To the Framers, enshrining prohibitions against bills of attainder in the Constitution (1) was essential to prevent tyranny. These provisions serve the twin aims of protecting individuals from an improper use of legislative power and reinforcing the doctrine of separation of powers. (2) The Constitution of the United States contains two clauses proscribing the issuing of bills of attainder--one applying to the federal government, (3) and the other to the states. (4) At first blush, this may seem like either a stylistic embellishment or an over-scrupulous redundancy. But this repetition was far from superfluous. Article I treated the legislative power of both the federal and state governments. Thus, the Framers were compelled to provide a separate clause restricting the states because this protection was so important. (5) Not even the Bill of Rights initially enjoyed such constitutional stature. (6) This note advocates for the Bill of Attainder Clause's application to administrative agencies when they act pursuant to delegated authority and their action is treated as having the "force of law" by the federal judiciary--precisely because the Bill of Attainder Clause is such a vitally important check on the abuse of legislative power. (7)
While recent scholarship has examined the Bill of Attainder Clause in the modern context, (8) the issue of its direct application to administrative or executive agencies has been largely undeveloped. (9) This oversight is significant given the Supreme Court's frank recognition that administrative agencies, in a very real sense, actually determine the substantive impact of legislation in the many cases where legislation provides minimal guidance. (10) Further, the lower courts' reluctance to apply the clause to administrative and executive entities simply because an agency, not Congress, promulgates a rule, contravenes the principle that the Bill of Attainder Clause values substance over form and is "leveled at the thing and not the name." (11)
The Supreme Court's retreat from any meaningful non-delegation analysis in the modern era threatens to undermine the integrity of the Bill of Attainder Clause, which is a vitally important provision for the reasons given above. While the Constitution expressly states that the Bill of Attainder Clauses apply to Congress and the states, (12) the provisions' application to executive and administrative agencies is not clear. (13) In fact, the Supreme Court has not decided the issue. (14) Apart from the Ninth Circuit back in 1966, (15) lower courts have avoided ruling on the issue by deciding cases on other grounds, (16) or by applying a high standard of review for case-specific reasons. (17) Indeed, only the Seventh Circuit has indicated a willingness to engage the merits of the bill of attainder analysis to regulations and executive orders; however, the court assumed that the clause applied to agencies without deciding the issue, and ultimately concluded that since the underlying claim would have failed on the merits, it did not need to rule on whether the clause applied in the first place. (18)

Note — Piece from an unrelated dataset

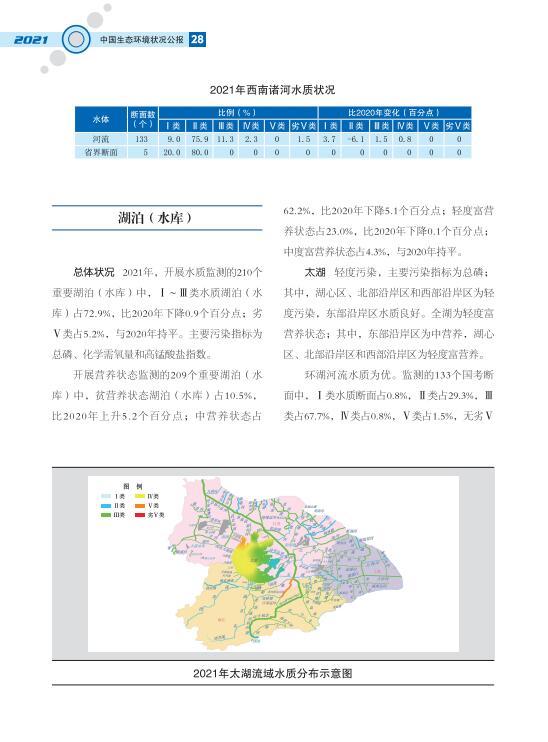 31.jpg 2021中国生态环境状况公报发布(图35)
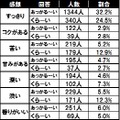 ドリンクの味についての回答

Despite the Seventh Circuit's indulgence of the argument in dicta, no circuit has concluded that the Bill of Attainder Clause, a vitally important check on legislative power, applies to an administrative or executive body when promulgating rules with the force of law pursuant to congressional delegation. (19) Following the principle that Congress cannot delegate power that it does not possess itself, (20) this note argues that such results are wrong precisely because these entities exercise legislative power, at least in certain instances, and therefore should be subject to the same constraints on legislative power as Congress.
To accomplish this, Part I considers the Bill of Attainder Clause as a check on legislative power, particularly focusing on the Supreme Court's rationale expressed in the watershed precedent following the Civil War that regards substance over form. (21) Part II examines how courts have handled the preliminary question of whether the clause applies to administrative or executive agencies, beginning with the Supreme Court's rare discussion of the question and its "no-decisions." Part II then turns to the circuits' unpersuasive handling of the issue, which declines to hold that the clause applies as a preliminary matter before advancing to the merits.
Part III demonstrates how the circuits' approach is disingenuous, precisely because there is well-settled recognition that in the class of cases given "force of law" deference by the judiciary, administrative and executive agencies are, in substance, exercising legislative power. (22) Part III begins with an examination of the "non-delegation" doctrine and the "intelligible principle" test, and proceeds to consider the development of the Chevron-Mead doctrine in which the Court tacitly embraces the exercise of legislative power by entities that are, in form, not legislative-especially in the class of cases given Mead "force of law" deference. This is based on the Court's recognition that the exercise of regulatory power is, in substance, legislative in nature. Part III concludes that, as a preliminary matter, the Bill of Attainder Clause should apply to instances when an agency is regulating with the force of law and the federal judiciary recognizes its lawmaking function.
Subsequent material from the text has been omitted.